## Input data:
<<<<

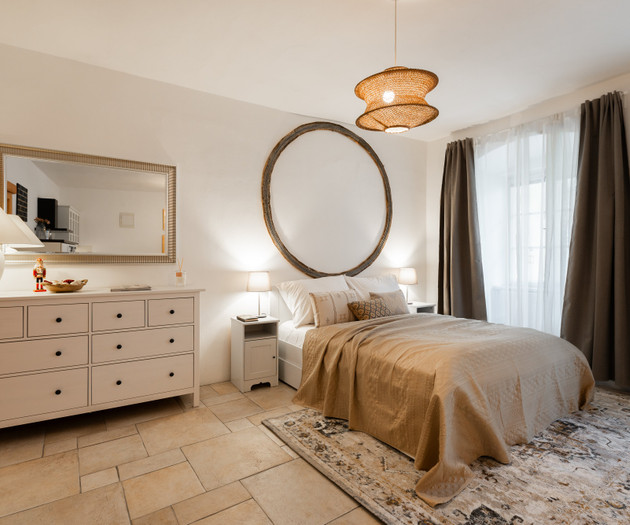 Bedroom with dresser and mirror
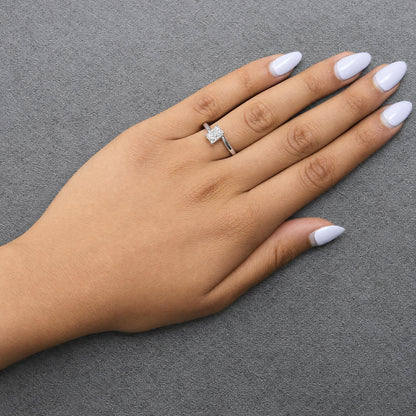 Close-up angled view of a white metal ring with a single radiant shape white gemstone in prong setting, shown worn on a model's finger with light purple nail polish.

>>>>
<<<<

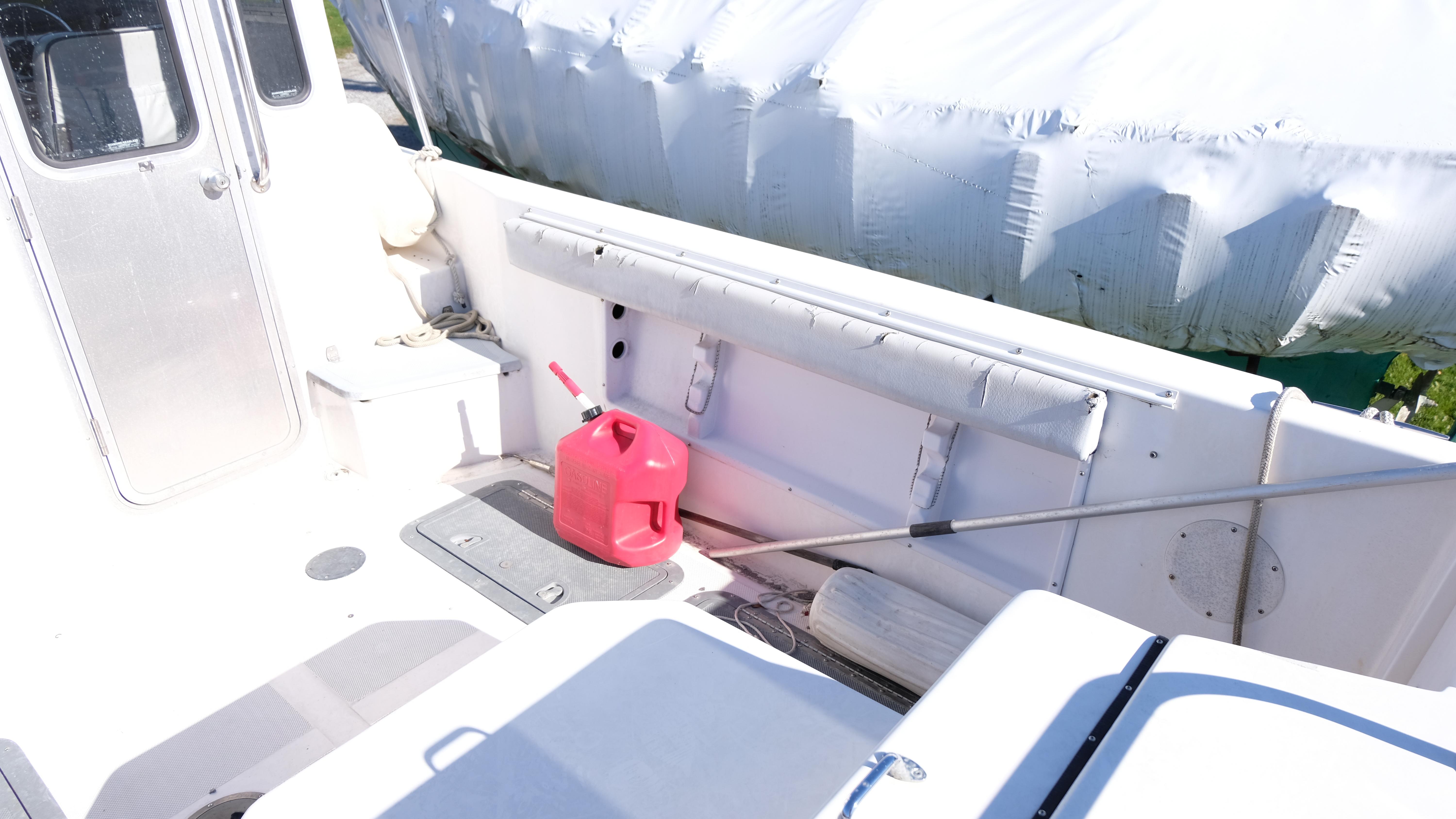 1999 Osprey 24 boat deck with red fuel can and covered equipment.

>>>>
<<<<

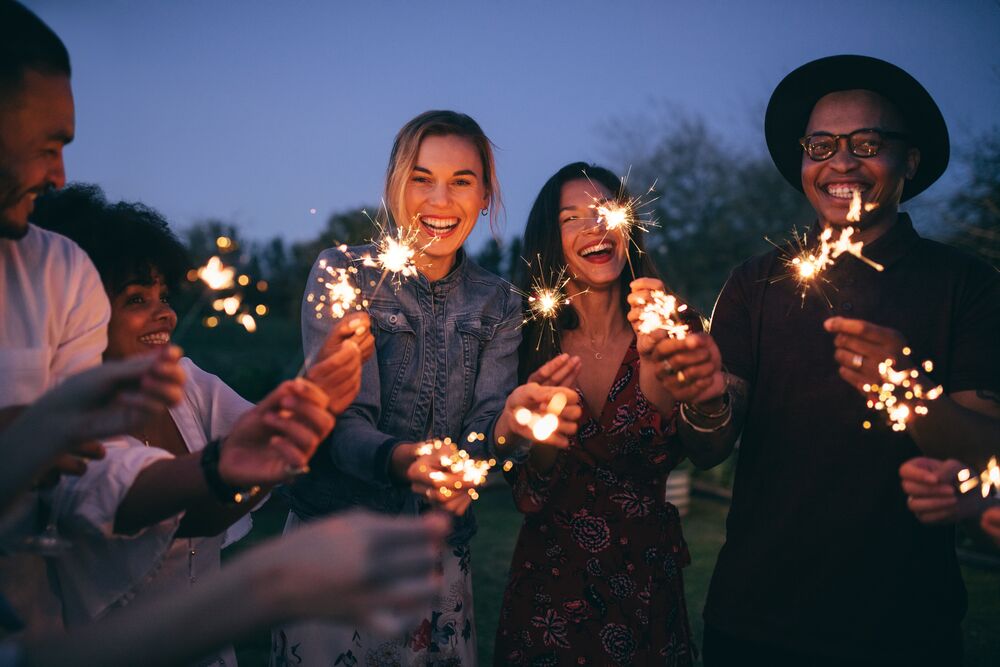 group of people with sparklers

>>>>

Could the stretch from the line with "Bedroom with dresser and mirror" through the line with "Close-up angled view" in the listing above be restated word for word, minus the pictures?

 Bedroom with dresser and mirror
 Close-up angled view of a white metal ring with a single radiant shape white gemstone in prong setting, shown worn on a model's finger with light purple nail polish.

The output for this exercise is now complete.